Lots more gore in this game than I remember Torchlight having.

Moving onto the presentation, things are far more varied than the original Torchlight. As the story now has you travelling all over the realm rather than just putting about underneath one really unlucky town, you not only get new environments but multiple takes on the same type of environment. For example in the desert area you will see pure desert, badlands, ancient tombs, and city ruins where as the swamp area gives fungal caves, stone catacombs, dense forests, and an abandoned sawmill. This variety is only enhanced by the sheer visual quality of the game. The slightly cartoony aesthetic returns but it feels even sharper than it did in the last game and even the gloomiest areas features an array of colour that is a joy to behold. The world feels beautifully alive as well thanks some great attack effects and some fantastic ancillary animation. Watching tremors blaze out in all directions from the Engineer’s Emberquake ability as they rip through the battlefield and knock enemies on theirs asses is always a treat but it’s how the enemies get there that impressed me the most. There’s just a lot of little ways the enemies move, such as the werewolf enemies skulking around on rooftops on before jumping into the fray, that really sell them as something more than just mobs for you to turn into bloody chunks.

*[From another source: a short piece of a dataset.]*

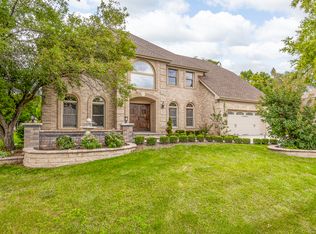 140 Founders Pointe S, Bloomingdale, IL 60108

Who’s this guy? What’s his story relevance? Don’t know and don’t care, I just want the sweet sweet loot that will flow from his corpse.

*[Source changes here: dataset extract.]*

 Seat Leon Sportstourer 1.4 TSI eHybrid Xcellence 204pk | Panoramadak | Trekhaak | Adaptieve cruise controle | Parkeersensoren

Lastly we have the story which is the weakest part of this package but still stronger than it was in the first game. The basic premise is that the Alchemist from the first game has been corrupted by the Heart of the Ordrak (the end boss from the first game) while studying said gory artifact and is now on a rampage to do something bad with it. Now a new breed of heroes must band together with the heroes of old to stop this familiar menace and the trouble he brings. It’s a pretty bog standard story and to be absolutely honest it never really pays off, it just kind of goes through the motions without any real good twists or emotional content. The ending especially feels terribly anti-climatic but to be fair it’s still better than the first game’s barely there storyline and in the end who cares as the gameplay is what we were all here for anyways. One nice thing to say about the story is that the cut scenes they’ve put in (done by Klei Entertainment, the folks behind Mark of the Ninja) are incredibly well done and mesh well with the art style of the gameplay, they’re a nice reward upon finishing chapters.

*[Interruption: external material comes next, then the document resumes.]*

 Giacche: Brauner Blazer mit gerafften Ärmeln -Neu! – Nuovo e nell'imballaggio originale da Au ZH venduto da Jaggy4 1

Put simply this is just Torchlight refined; it’s a bigger world, it’s full of better loot, you can play with more people, and even the end game content is expanded with a neat random map system, new game + mode, and extensive mod tools. For $20 it’s a pretty impressive package and if you’re a fan of the dungeon crawling sub genre, it’s one you shouldn’t miss. Honestly whether you prefer this or Diablo 3 will all come down to a matter of personal taste, both have their pros and their cons but both deserve top marks for the horrible addictions they inspire, as such I’m happy to give Torchlight 2 a 5 out of 5 stars.